## Work request:
The reply must repeat the listing below exactly and carry none of its pictures.

## Information shown:
+++++
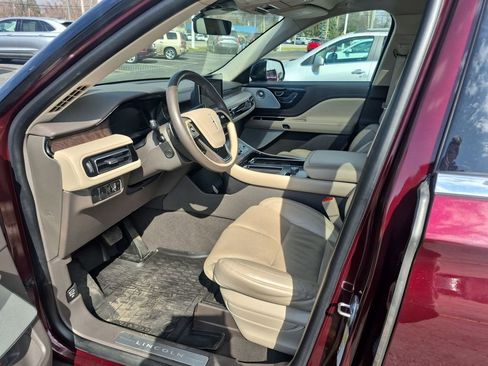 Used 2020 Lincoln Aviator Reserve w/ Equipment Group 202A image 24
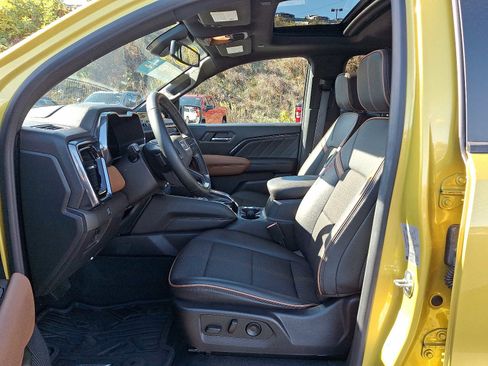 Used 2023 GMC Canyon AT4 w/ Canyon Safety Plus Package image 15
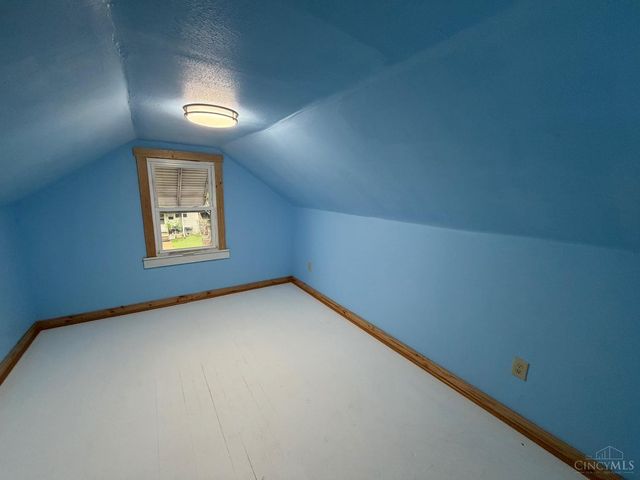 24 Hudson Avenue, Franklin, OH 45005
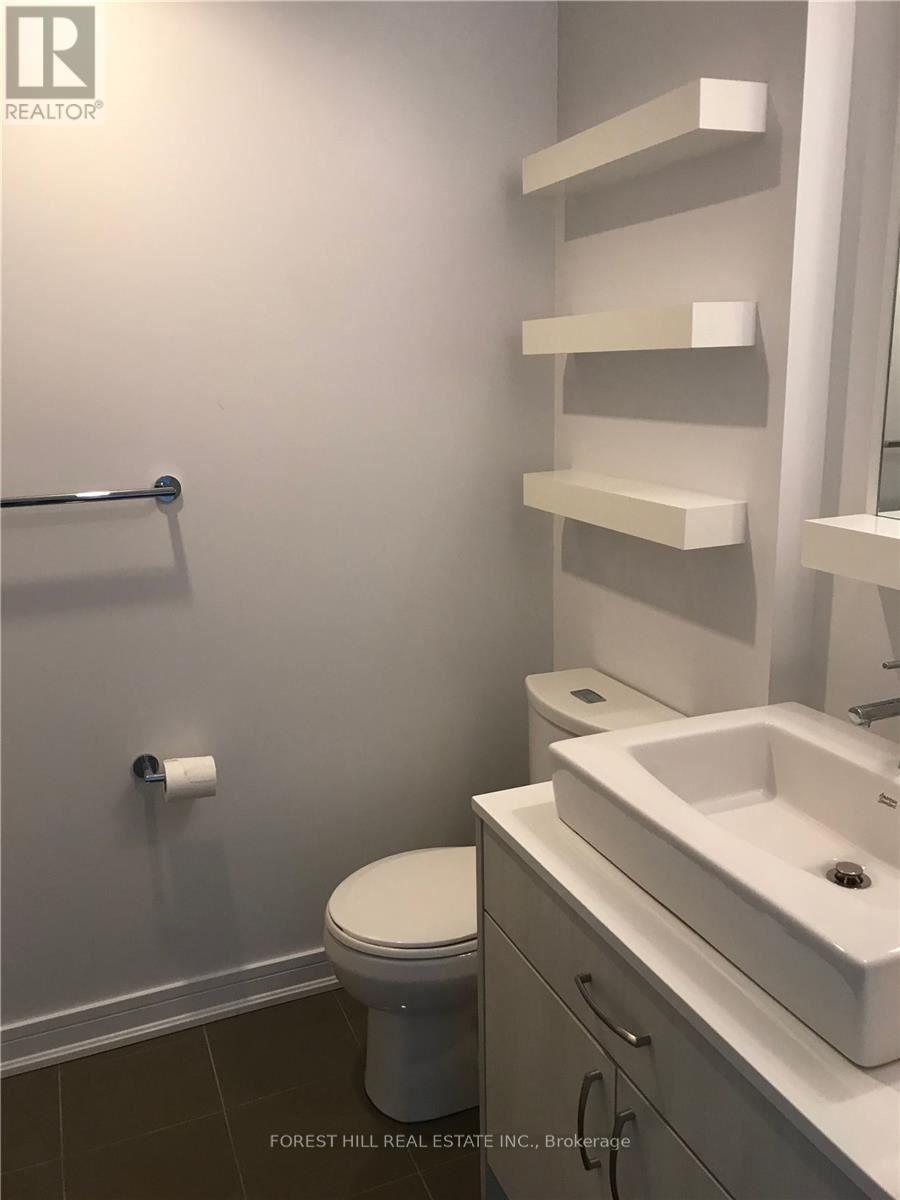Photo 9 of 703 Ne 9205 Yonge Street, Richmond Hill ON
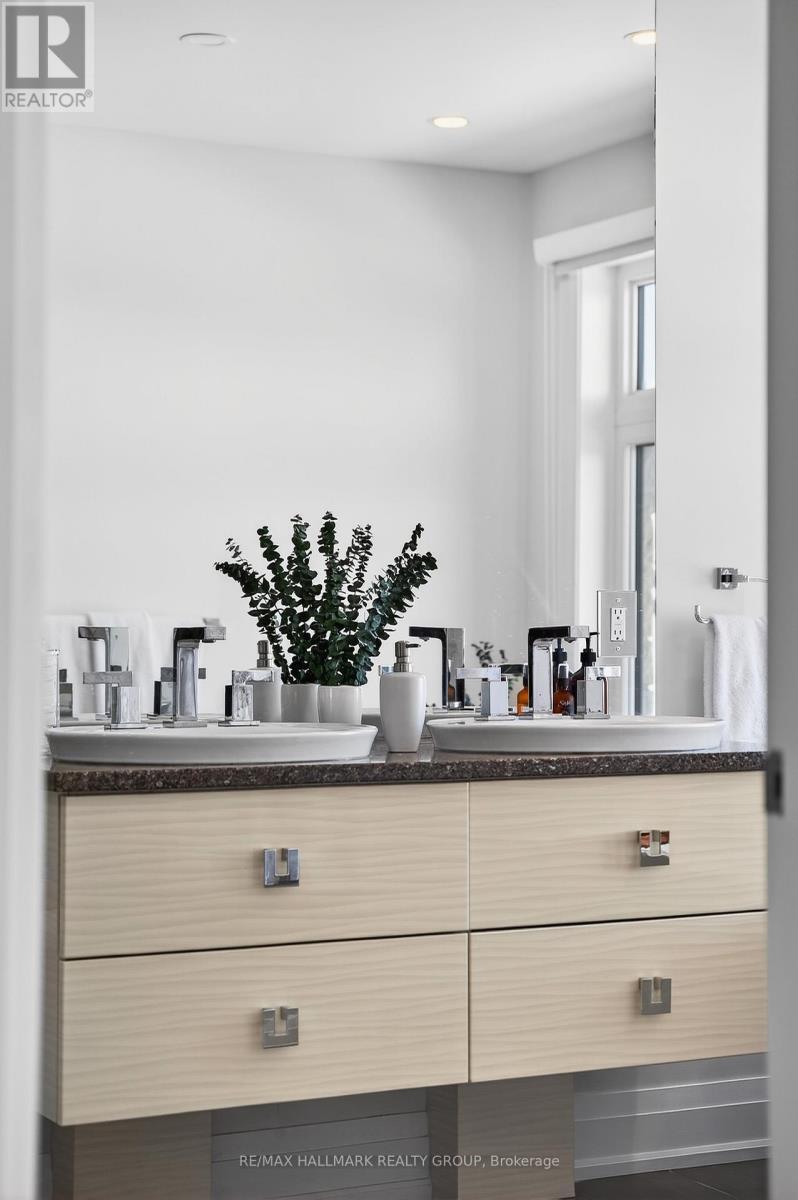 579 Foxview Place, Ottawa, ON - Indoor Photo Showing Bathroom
+++++
## Finished task:
 Used 2020 Lincoln Aviator Reserve w/ Equipment Group 202A image 24
 Used 2023 GMC Canyon AT4 w/ Canyon Safety Plus Package image 15
 24 Hudson Avenue, Franklin, OH 45005
Photo 9 of 703 Ne 9205 Yonge Street, Richmond Hill ON
 579 Foxview Place, Ottawa, ON - Indoor Photo Showing Bathroom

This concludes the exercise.